18.1 Neither party shall assign or transfer any of its rights or obligations under an Agreement save that the Company may assign to an associated company within the meaning of Section 416 of the Income and Corporation Taxes Act 1988, on notice.
19.1 The Company and the Customer acknowledge and agree that this Agreement shall not establish or constitute any relationship of partnership, joint venture, employment, franchise or agency between the parties. Neither party will have the power to bind the other without the other’s prior written consent.
19.2 Any typographical, clerical or other error in any sales literature, marketing materials, quotation, price list or other document issued by the company or contained on any page of the company website shall be subject to correction without any liability on the part of the company. For the avoidance of doubt, the company brochure and other sales literature or marketing materials (either appearing on the company website or in printed form) are not incorporated into and do not form part of this contract.

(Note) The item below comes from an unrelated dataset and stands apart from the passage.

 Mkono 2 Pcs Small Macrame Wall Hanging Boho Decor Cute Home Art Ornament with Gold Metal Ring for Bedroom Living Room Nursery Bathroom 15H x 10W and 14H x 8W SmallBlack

19.3 The customer agrees that the company may refer to the customer (with relevant description of the customer’s business) in any of the company’s marketing materials or on the company website. The customer hereby grants the company a limited licence to use any customer trade names and trademarks solely in connection with such marketing.
19.4 Except as expressly provided, the parties do not intend any term of this Contract to be enforceable pursuant to the Contracts (Rights of Third Parties) Act 1999.
19.5 The failure or delay of the Company to enforce any part of the Contract shall not affect or waive the Company’s rights to enforce it at a later date.
20.0 Other Printed or Standard Conditions
20.1 All Services are provided on the foregoing conditions which, together with any special terms set out on an Order Form or in the Agreement, constitute the entire agreement to the exclusion of any other terms and conditions and no agreement terms and conditions contained in any document sent by the Customer to the Company shall be of any effect with respect to the Agreement unless expressly accepted by a duly authorised officer of the Company in writing.
20.2 The Customer acknowledges that the Customer has not relied on and shall not be entitled to rescind the Agreement or to claim damages or any other remedy on the basis of any representation, warranty, undertaking or statement which is not set out in these Conditions, the Agreement or an Accepted Order, including any representation made by or on behalf of the Company in relation to the Service which has induced the Customer to enter into the Agreement with the Company.
20.3 The Services are provided “AS IS.” THE COMPANY MAKES NO WARRANTY OR REPRESENTATION OF ANY KIND TO YOU OR ANY THIRD PARTY, EXPRESS, IMPLIED OR STATUTORY, WITH RESPECT TO THE SERVICES OR THE ACCURACY OF ANY INFORMATION CONTAINED IN THE SERVICES, INCLUDING, WITHOUT LIMITATION, ANY IMPLIED WARRANTY OF MERCHANTABILITY, ACCURACY, SATISFACTORY QUALITY, FITNESS FOR A PARTICULAR PURPOSE, USABILITY, INTEGRATION OR NON-INFRINGEMENT AND ALL SUCH WARRANTIES ARE HEREBY EXCLUDED BY THE COMPANY AND WAIVED BY YOU.
21.1 The Company reserves the right to vary these Conditions as a result of changes required by its insurers, new legislation, statutory instruments, Government regulations or licences.
22.0 Law and Arbitration
22.1 These Conditions and all Agreements are subject to the laws of England.
22.2 These Conditions incorporate the provisions for arbitration if any are available. Any dispute which may arise between the parties concerning this Agreement shall be determined either in accordance with such arbitration procedure, if any, or by the High Court of Justice in England and the parties hereby submit to the exclusive jurisdiction of that court for such purpose.